En una sociedad donde el trabajo se percibe, a menudo, como una obligación que termina con la jubilación, hay quienes desafían esta idea con su ejemplo. Agricultores que siguen labrando la tierra a los 85 años, modistas que no abandonan su aguja a los 83, empresarios que con 90 siguen dirigiendo sus empresas, artistas que, como Raphael o Ruy de Carvalho, entregan su vida al escenario sin pensar en un retiro. ¿Qué tienen en común estas personas?

No es solo resistencia, ni una simple necesidad económica. Lo que los mueve es algo más profundo: una conexión vital con lo que hacen. En su trabajo encuentran identidad, propósito, gratificación y, sobre todo, vida.

El trabajo, cuando es más que una imposición externa, se convierte en una fuente de sentido. Nos permite crear, servir, aportar valor a los demás y, en el proceso, construirnos a nosotros mismos. Nos da autonomía, nos reta, nos mantiene activos física y mentalmente.

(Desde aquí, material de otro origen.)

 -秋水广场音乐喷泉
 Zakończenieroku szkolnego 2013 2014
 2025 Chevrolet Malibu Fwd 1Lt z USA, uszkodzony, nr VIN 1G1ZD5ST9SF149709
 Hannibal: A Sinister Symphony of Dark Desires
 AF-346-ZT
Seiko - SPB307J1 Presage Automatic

Vivimos en un mundo en el que cada vez se habla más de la conciliación, del descanso, de la jubilación anticipada. Y, aunque el descanso es necesario, también lo es comprender que el trabajo no es el enemigo. Más bien, la clave está en encontrar o construir una relación con el trabajo que nos permita disfrutarlo, crecer con él y verlo como un espacio de realización.

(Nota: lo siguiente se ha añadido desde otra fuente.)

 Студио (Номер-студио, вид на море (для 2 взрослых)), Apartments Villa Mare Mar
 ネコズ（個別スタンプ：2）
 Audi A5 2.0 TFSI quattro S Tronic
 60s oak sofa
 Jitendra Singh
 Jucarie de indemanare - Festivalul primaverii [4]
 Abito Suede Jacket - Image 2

Para muchos, el verdadero retiro no llega cuando dejan de trabajar, sino cuando dejan de sentirse útiles. Por eso, el desafío no es solo repensar el trabajo, sino nuestra actitud hacia él: ¿cómo convertirlo en una extensión de lo que somos, en algo que nos impulse y nos mantenga vivos?

Tal vez la respuesta esté en aprender de quienes no cuentan los años que han trabajado, sino la vida que han encontrado en su labor.